Captioned web image data:
---

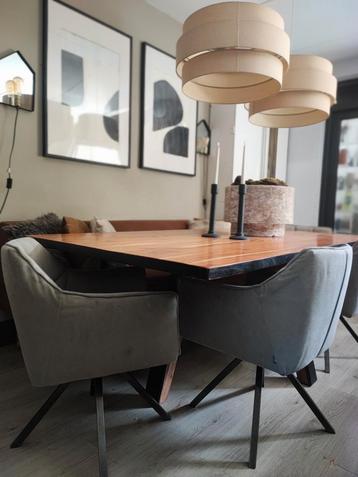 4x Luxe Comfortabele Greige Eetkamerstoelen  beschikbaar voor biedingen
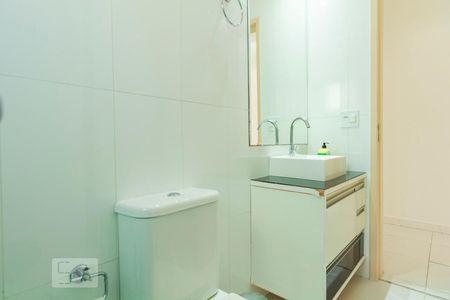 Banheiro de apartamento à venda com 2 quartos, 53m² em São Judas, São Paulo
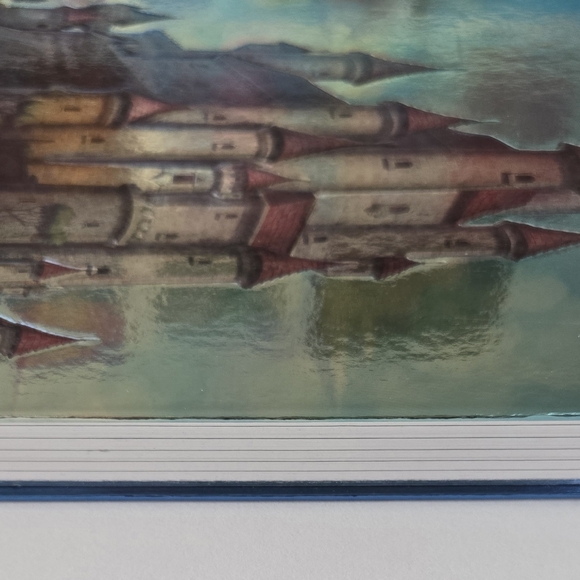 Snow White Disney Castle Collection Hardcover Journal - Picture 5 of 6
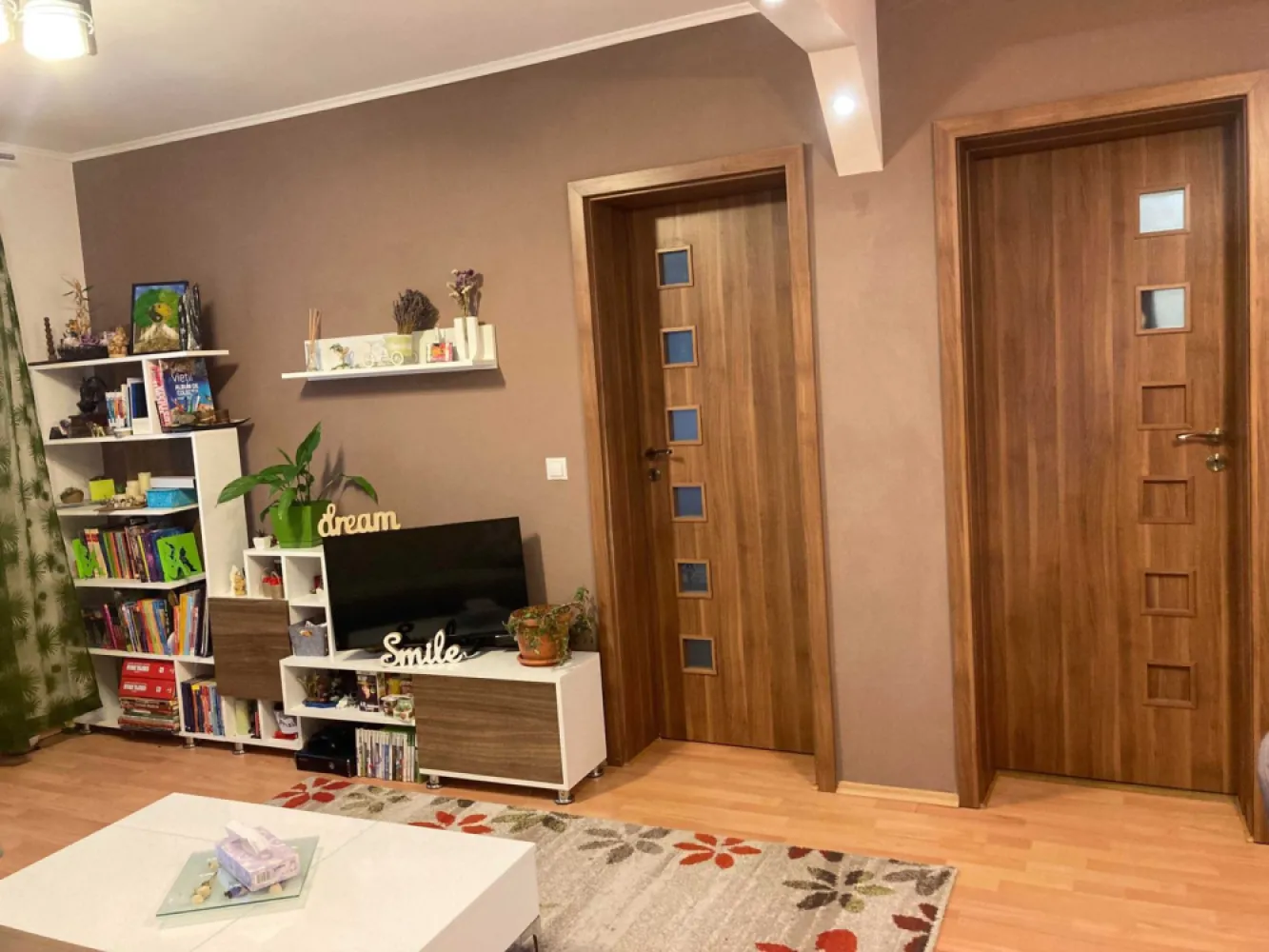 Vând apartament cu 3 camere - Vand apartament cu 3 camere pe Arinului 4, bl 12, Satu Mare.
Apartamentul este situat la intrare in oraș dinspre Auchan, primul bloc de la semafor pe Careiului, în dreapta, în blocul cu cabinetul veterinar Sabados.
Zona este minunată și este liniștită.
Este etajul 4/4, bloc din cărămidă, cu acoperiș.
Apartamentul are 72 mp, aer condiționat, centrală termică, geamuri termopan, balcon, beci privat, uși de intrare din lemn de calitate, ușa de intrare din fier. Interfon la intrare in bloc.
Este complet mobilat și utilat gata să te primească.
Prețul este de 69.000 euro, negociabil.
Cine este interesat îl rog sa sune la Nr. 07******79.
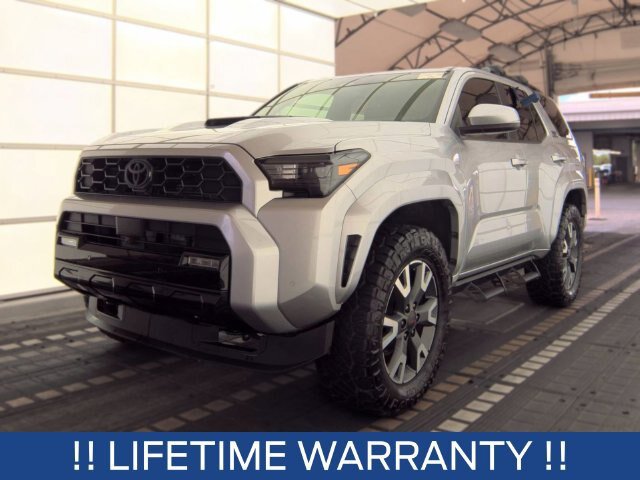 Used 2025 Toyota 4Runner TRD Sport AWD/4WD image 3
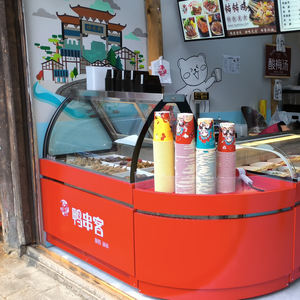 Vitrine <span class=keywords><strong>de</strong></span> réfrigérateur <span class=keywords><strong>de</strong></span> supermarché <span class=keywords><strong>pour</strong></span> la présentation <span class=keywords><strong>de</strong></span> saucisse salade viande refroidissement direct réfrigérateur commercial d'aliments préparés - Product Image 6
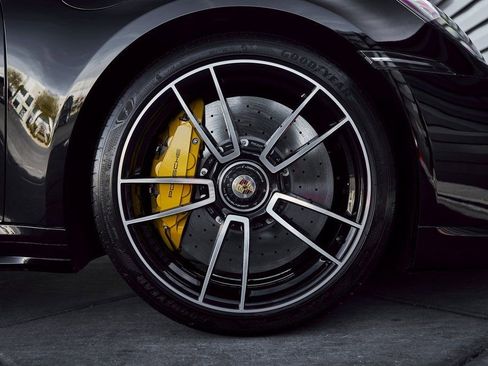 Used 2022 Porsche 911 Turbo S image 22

---

WORK REQUEST: Each line from the beginning of the entries up to and including the one containing "Este etajul 4/4, bloc" must be restated exactly. Pictures are to be left out.

RESPONSE TO THE TASK:
 4x Luxe Comfortabele Greige Eetkamerstoelen  beschikbaar voor biedingen
 Banheiro de apartamento à venda com 2 quartos, 53m² em São Judas, São Paulo
 Snow White Disney Castle Collection Hardcover Journal - Picture 5 of 6
 Vând apartament cu 3 camere - Vand apartament cu 3 camere pe Arinului 4, bl 12, Satu Mare.
Apartamentul este situat la intrare in oraș dinspre Auchan, primul bloc de la semafor pe Careiului, în dreapta, în blocul cu cabinetul veterinar Sabados.
Zona este minunată și este liniștită.
Este etajul 4/4, bloc din cărămidă, cu acoperiș.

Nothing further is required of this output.